To sum up, the rest of the trip was basically simply filled with beautiful sunshine, winding coastal roads, camping at night, and a couple of great days playing tourists in San Francisco walking miles all the time and resolutely missing our ferry because I failed to notice it was actually supposed to be a bus. I must say a few great things about our host there, called up a few weeks before, and to my pleasure, my friend Lyra came through and offered up her mother's house as a place for me to stay. Now Cecelia was a perfect host, having cookies for us when we arrived, making dinner for us even though we came home so late, and just incredibly pleasant the whole time. I'm dreadfully sorry that all of the hosts I've had over the past few months don't get the same write-up, but I have the time for this one so I'm taking it. I might have even worked my way into an offer to have a room to rent once I make it back to the area for school in a year.
The whole trip was such a relief. I had spent some time in Arizona worrying about the state of affairs, and in one swell foop, on a beautiful day I managed to arrainge a year off for the trip to Africa, what should be a solid admittance into school the following year, time to go to Nate's wedding, and even a place to live when I return.
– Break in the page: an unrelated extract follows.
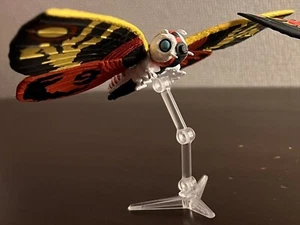 2025 Bandai HG Godzilla vs Mothra 5" wingspan Mothra Adult 1992 Figure Capsule - Picture 1 of 2
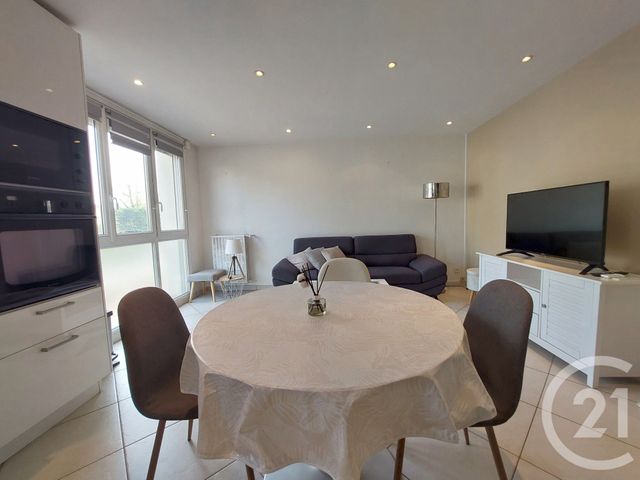 Appartement F2 à louer - 2 pièces - 37.97 m2 - CRETEIL - 94 - ILE-DE-FRANCE - Century 21 Acv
And I spent time worrying for some reason. I should take this and learn it, that God comes through, and I have nothing to want for. Of course, I can already feel the concern building up for other areas, "But, yeah, what about this, how in the world will this area of my life be taken care of." For those of you who might not know me well, welcome to my stubborn self.
The morale of the story is simple. If you ever have to go to an important event like an interview, it's always best to pad a couple of days on either side for a brilliant road trip aling the coast with camping, music, food, and a solid friend. It helps if she's cute, but I don't suppose it's absolutely necissary.



- a quick note to all my nosy family, this is a pre-emptive "We are friends, that is all."